Stored data entries:
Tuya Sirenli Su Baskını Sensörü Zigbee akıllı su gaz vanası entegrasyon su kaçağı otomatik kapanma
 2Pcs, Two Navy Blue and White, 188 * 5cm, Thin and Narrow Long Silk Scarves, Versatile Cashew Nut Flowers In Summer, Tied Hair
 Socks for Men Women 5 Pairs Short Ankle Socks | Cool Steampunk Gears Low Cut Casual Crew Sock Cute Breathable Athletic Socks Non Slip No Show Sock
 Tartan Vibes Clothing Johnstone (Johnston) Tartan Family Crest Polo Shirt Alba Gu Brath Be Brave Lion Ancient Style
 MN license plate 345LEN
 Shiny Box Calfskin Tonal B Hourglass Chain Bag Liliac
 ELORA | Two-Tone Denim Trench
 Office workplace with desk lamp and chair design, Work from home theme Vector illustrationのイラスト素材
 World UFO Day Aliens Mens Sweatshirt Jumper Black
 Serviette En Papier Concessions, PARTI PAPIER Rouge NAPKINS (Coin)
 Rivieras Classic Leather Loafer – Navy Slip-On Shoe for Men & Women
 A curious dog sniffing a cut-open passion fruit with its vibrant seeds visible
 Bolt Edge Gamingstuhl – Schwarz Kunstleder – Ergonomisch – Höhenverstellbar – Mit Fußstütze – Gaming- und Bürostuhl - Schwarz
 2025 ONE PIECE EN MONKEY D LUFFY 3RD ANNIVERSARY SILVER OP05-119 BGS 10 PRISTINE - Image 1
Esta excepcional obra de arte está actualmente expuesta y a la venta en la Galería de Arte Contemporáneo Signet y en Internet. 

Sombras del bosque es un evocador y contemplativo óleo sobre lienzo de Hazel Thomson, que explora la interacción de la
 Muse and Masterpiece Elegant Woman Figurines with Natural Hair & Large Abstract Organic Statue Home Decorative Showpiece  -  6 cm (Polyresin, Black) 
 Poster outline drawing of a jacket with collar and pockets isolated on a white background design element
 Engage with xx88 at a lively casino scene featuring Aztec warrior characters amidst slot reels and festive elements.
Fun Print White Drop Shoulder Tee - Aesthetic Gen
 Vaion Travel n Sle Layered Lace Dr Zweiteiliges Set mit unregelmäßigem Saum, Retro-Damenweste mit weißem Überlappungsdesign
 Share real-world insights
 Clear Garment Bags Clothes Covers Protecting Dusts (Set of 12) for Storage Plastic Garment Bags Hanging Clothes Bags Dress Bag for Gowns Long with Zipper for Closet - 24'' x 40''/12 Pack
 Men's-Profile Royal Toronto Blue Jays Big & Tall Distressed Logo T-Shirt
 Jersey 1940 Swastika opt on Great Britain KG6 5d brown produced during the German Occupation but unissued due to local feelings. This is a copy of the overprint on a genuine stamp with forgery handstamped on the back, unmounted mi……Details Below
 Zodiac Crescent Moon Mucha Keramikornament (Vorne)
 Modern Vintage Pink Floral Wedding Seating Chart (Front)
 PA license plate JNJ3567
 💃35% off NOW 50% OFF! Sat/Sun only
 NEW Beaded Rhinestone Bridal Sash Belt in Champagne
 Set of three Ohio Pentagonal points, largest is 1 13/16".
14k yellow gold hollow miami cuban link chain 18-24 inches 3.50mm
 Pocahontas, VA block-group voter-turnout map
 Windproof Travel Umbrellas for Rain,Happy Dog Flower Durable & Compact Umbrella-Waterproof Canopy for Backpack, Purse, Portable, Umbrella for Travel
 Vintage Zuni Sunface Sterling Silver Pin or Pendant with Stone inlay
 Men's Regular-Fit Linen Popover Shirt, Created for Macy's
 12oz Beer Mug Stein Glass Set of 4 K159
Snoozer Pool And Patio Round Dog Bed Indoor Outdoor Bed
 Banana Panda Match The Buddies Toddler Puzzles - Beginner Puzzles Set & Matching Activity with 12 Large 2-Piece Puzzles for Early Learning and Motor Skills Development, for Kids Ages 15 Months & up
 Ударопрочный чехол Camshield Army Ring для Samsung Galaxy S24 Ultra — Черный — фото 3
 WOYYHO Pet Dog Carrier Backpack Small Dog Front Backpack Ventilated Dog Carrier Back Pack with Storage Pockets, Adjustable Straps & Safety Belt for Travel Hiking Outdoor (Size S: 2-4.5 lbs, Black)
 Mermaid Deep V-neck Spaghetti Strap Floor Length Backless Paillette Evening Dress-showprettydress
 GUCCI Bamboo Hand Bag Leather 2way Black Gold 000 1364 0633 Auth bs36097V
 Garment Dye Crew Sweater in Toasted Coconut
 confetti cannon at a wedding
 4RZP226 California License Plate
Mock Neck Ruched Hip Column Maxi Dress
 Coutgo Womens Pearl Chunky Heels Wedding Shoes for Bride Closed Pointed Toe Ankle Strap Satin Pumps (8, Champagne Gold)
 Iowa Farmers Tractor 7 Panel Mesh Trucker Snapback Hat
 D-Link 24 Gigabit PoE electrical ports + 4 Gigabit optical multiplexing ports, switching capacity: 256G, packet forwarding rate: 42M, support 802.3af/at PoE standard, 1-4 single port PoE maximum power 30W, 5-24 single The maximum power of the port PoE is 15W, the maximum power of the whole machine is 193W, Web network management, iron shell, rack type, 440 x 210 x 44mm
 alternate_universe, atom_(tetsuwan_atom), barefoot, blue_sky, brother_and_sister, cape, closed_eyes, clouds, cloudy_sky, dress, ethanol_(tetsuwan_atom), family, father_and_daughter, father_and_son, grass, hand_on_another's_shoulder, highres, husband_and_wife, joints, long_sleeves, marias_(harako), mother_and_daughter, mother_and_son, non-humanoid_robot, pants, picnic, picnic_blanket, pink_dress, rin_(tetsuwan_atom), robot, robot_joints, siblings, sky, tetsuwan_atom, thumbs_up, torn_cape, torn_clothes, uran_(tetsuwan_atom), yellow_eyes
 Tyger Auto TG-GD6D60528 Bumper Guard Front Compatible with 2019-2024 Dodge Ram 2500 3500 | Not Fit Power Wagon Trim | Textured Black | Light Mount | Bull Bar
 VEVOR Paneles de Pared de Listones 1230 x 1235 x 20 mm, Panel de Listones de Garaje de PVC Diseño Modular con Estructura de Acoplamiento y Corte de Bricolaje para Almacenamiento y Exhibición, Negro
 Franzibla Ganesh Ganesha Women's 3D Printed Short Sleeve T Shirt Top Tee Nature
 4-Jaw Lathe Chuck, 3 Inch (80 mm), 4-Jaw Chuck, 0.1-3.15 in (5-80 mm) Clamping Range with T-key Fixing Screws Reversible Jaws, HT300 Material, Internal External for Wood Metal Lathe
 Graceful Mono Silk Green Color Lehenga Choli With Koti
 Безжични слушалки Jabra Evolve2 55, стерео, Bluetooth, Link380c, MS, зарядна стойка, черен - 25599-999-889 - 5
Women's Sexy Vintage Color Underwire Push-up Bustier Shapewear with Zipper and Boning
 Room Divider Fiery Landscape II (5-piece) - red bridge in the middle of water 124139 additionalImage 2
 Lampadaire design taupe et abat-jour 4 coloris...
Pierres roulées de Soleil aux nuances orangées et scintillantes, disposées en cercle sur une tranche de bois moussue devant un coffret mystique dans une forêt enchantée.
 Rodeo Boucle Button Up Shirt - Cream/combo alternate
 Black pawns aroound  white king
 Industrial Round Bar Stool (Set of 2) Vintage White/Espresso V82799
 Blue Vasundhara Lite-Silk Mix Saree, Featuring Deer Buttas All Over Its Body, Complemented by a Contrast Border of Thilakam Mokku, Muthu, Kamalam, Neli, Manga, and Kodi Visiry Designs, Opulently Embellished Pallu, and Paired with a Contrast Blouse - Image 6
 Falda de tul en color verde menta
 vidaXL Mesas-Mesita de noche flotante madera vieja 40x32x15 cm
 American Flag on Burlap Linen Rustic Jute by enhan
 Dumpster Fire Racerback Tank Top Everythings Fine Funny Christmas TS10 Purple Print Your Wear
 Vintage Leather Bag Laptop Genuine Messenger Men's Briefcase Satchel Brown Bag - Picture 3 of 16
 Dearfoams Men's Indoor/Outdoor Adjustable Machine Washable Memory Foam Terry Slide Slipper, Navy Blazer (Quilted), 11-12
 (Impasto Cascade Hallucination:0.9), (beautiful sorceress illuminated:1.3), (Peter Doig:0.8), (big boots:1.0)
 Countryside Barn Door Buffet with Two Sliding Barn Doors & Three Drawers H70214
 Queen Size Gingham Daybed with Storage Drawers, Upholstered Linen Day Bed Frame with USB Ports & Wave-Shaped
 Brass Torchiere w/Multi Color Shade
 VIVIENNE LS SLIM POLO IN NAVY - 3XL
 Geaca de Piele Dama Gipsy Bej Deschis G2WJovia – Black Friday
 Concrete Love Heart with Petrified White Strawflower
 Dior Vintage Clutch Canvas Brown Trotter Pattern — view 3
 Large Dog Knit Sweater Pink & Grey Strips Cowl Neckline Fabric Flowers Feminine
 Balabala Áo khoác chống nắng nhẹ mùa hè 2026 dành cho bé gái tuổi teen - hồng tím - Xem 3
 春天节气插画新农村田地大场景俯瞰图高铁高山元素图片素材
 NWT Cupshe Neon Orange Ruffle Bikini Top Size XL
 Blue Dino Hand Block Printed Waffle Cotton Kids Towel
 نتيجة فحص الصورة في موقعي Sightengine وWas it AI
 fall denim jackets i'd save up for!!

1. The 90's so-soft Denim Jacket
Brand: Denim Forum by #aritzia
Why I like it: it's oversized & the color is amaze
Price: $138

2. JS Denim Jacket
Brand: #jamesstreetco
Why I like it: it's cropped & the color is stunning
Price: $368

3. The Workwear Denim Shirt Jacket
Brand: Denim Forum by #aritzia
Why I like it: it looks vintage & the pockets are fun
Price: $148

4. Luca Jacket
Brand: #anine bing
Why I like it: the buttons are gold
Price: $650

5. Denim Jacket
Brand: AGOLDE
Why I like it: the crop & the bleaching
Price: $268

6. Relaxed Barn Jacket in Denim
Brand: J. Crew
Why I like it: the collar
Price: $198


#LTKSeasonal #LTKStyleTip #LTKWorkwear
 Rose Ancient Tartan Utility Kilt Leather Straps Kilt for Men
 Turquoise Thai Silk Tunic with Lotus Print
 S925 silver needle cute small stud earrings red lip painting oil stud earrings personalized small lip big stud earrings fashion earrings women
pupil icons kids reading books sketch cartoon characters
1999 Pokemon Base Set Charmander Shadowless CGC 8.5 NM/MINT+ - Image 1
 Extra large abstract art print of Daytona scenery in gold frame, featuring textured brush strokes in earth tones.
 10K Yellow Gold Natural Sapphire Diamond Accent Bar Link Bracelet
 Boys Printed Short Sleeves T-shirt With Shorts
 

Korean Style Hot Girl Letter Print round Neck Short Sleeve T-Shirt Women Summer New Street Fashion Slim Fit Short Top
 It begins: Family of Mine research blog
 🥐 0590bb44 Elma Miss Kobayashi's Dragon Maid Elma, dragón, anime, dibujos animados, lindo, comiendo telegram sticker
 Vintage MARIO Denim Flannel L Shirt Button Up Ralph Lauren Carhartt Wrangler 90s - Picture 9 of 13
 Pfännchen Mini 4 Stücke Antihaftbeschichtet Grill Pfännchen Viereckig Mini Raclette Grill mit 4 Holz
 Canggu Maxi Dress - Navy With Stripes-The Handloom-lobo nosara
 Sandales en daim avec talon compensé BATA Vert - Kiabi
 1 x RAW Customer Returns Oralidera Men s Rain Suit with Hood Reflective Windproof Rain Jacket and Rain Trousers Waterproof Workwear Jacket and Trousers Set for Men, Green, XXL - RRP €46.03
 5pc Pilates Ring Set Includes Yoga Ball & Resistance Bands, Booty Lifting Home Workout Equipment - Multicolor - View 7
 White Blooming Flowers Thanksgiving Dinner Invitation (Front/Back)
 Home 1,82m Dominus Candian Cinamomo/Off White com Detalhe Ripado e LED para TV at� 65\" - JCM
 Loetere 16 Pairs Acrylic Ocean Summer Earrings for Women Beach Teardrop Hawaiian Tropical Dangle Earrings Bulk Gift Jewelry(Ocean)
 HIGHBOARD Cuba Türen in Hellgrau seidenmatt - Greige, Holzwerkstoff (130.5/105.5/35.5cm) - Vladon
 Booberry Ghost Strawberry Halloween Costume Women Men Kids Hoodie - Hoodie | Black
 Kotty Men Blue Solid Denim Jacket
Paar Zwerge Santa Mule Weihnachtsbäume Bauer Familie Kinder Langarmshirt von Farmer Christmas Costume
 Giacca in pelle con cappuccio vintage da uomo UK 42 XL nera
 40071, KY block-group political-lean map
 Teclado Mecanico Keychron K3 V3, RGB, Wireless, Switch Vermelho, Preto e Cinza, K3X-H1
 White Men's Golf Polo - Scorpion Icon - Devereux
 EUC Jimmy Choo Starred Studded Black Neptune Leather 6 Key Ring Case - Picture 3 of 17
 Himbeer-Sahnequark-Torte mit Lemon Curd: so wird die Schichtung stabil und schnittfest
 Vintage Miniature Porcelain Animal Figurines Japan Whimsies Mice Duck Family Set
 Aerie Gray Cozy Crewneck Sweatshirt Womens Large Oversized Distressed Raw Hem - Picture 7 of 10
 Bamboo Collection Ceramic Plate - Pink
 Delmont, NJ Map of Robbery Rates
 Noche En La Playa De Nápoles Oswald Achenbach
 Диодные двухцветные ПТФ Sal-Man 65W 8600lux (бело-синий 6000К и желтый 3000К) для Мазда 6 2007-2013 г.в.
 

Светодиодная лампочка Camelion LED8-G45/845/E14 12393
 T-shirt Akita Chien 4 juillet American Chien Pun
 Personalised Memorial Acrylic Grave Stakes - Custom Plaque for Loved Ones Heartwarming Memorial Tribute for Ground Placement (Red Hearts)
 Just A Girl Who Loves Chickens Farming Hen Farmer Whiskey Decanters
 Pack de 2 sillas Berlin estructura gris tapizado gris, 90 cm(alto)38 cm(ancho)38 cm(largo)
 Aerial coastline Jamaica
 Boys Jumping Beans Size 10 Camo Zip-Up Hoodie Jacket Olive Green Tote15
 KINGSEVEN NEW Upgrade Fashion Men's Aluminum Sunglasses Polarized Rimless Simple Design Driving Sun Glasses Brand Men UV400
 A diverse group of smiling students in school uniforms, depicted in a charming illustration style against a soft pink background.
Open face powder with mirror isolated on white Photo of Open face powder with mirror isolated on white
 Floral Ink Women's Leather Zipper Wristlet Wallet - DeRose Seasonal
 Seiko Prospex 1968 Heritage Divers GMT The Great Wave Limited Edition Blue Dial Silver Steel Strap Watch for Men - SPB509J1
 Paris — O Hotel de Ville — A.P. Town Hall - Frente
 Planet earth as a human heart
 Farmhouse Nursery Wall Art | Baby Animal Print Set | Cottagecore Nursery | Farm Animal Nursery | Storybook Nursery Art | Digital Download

◆ WORK ITEM
Above are the records; from them, give again exactly the lines from the one containing "Booberry Ghost Strawberry" to the one containing "Paar Zwerge Santa", both lines included, and nothing more.

◆ REPLY
 Booberry Ghost Strawberry Halloween Costume Women Men Kids Hoodie - Hoodie | Black
 Kotty Men Blue Solid Denim Jacket
Paar Zwerge Santa Mule Weihnachtsbäume Bauer Familie Kinder Langarmshirt von Farmer Christmas Costume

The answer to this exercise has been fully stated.